### [Work item]
Please copy out the entries below exactly, beginning with the line that contains "ماشین پلیس 15 سانتی Dickie Toys, image 6" and ending with the line that contains "Ryotei Kaiseki Notoya", and include nothing outside that span.

### [Provided data]
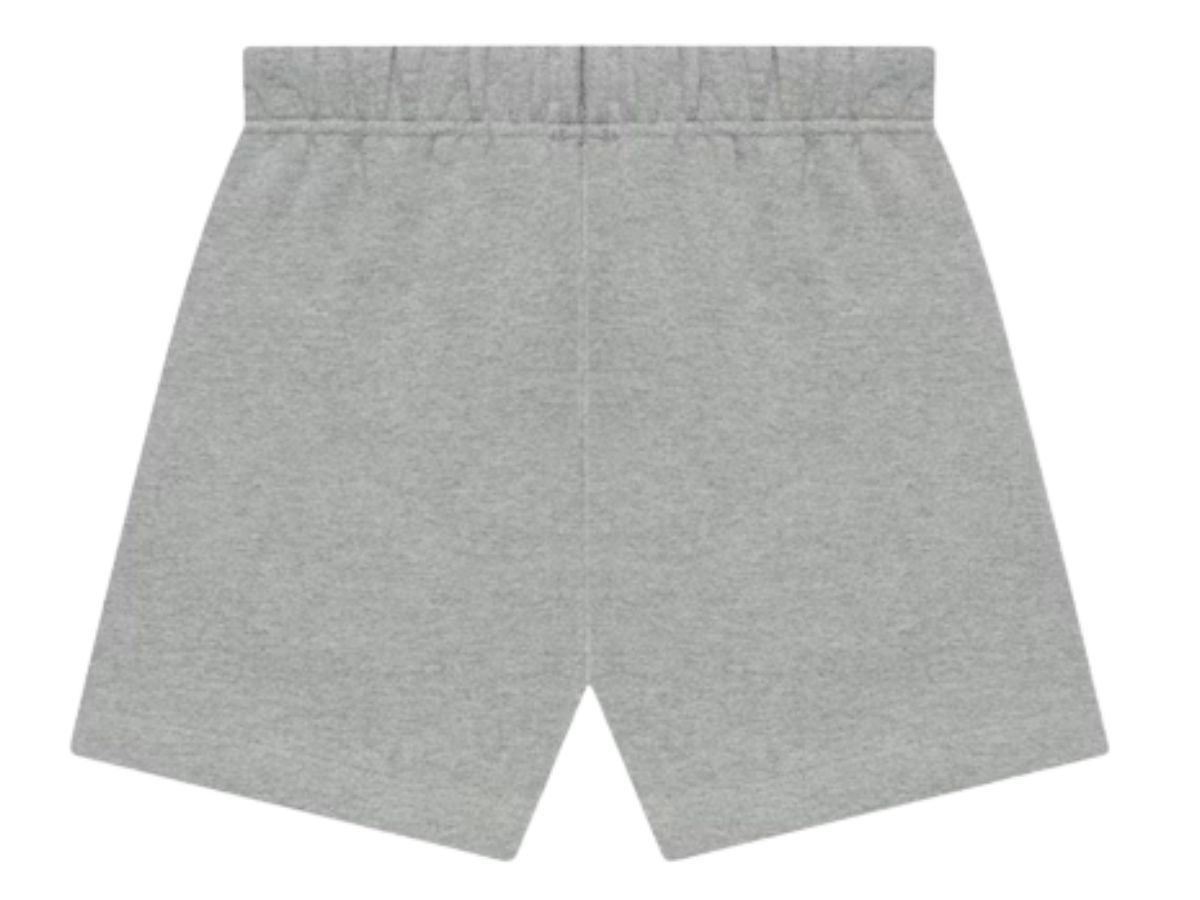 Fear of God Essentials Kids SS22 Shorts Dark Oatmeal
--
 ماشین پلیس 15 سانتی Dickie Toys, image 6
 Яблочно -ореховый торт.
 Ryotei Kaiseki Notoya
---
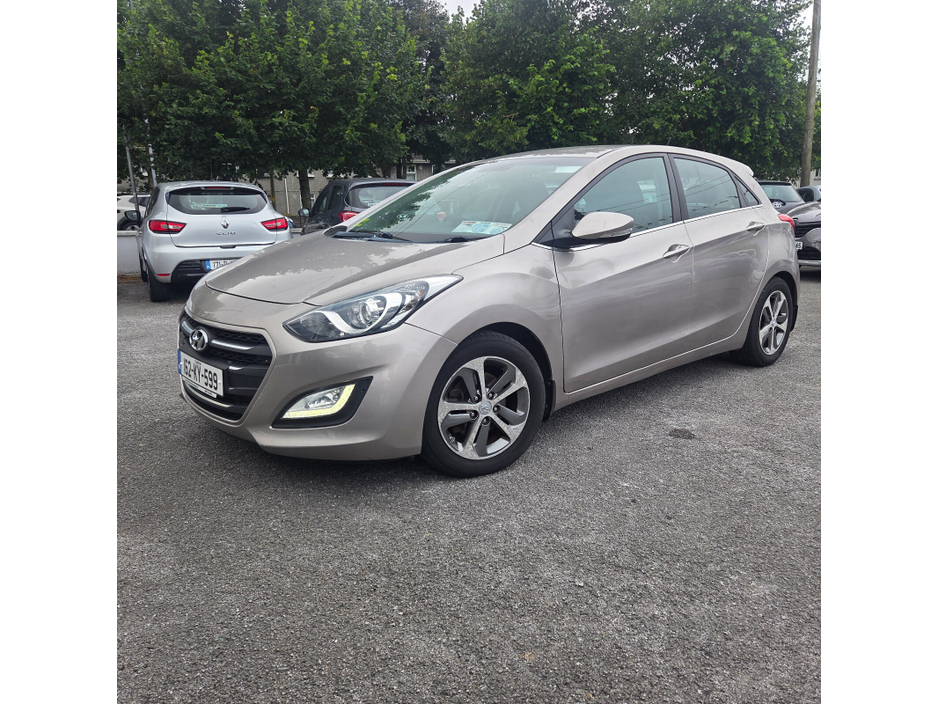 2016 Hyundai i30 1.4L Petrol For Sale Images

### [Solution to this exercise]
 ماشین پلیس 15 سانتی Dickie Toys, image 6
 Яблочно -ореховый торт.
 Ryotei Kaiseki Notoya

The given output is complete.